普天間基地の移設先である辺野古地区がある名護市の市長選挙が行われ、移転容認派と目される新人が当選しました。
辺野古移設の断固阻止を掲げる現職を破ったことは、普天間基地の危険性除去や安全保障の観点からひとまず評価できるものです。
しかし、今回当選した新人は選挙戦で辺野古移設についてはほとんど言及しませんでした。
辺野古移設を選挙の争点とすると不利になると見て、あえて言及せずに、経済の活性化を中心に選挙戦を展開しました。
結果的に、移設反対派の現職に勝利したものの、有権者をはぐらかした印象は否めません。

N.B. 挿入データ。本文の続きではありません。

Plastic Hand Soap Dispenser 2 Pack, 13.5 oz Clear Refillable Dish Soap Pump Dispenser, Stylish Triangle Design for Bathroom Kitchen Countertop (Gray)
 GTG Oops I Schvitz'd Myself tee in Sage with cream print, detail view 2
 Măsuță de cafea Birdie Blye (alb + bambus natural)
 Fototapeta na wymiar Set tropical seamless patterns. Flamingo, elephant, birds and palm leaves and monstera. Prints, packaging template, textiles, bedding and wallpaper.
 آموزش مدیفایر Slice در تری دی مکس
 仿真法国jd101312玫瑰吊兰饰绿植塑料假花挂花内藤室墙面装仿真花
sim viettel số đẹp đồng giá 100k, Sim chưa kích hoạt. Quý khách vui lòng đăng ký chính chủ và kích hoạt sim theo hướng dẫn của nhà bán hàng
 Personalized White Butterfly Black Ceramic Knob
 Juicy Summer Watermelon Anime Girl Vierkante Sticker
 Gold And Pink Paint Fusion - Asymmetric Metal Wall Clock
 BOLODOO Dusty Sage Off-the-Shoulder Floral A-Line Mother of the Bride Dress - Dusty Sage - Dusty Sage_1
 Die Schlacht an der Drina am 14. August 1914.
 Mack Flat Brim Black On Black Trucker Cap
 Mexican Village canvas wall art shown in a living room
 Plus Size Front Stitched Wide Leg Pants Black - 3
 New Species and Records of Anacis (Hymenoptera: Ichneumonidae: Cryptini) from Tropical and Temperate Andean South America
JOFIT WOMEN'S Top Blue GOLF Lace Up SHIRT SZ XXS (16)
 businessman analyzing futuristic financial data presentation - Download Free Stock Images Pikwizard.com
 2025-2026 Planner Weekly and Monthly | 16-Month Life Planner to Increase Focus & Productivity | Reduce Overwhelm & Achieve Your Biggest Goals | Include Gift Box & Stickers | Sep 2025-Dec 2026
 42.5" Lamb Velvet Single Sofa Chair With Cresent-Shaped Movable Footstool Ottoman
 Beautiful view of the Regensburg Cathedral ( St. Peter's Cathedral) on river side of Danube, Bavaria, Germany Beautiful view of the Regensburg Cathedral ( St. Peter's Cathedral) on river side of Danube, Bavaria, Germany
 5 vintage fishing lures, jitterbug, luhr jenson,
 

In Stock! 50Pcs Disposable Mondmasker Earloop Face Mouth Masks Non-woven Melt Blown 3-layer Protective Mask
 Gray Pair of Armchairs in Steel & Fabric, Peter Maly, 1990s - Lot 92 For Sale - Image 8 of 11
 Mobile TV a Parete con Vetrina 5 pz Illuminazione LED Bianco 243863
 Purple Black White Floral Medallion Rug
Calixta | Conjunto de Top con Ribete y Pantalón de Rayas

一方、落選した現職は、移設阻止を前面に掲げて選挙戦を展開しましたが、閉塞感のある地元経済に対する打開策を示せませんでした。
その結果、現実の生活を無視できない有権者から大きな支持は得られませんでした。
ただ、落選した現職や、その現職を推す沖縄県知事をはじめとした野党の多くは、辺野古移設反対でまとまっていましたが、覇権的な海洋進出を続ける中国の脅威については、ほとんど口を噤んでいます。
在沖縄の米軍の果たす役割の一つが、中国への対処ですが、中国の脅威を強調すると、反基地・反米軍の論理が破綻をきたすことになるためか、選挙戦では言及することはありません。
そもそも、国家全体の安全保障に関わる問題を一地方自治体が左右すべきことではないと考えますが、移設容認派、移設反対派ともに「都合の悪いものには言及しない」という姿勢に、釈然としないものが残る選挙戦だったのではないでしょうか。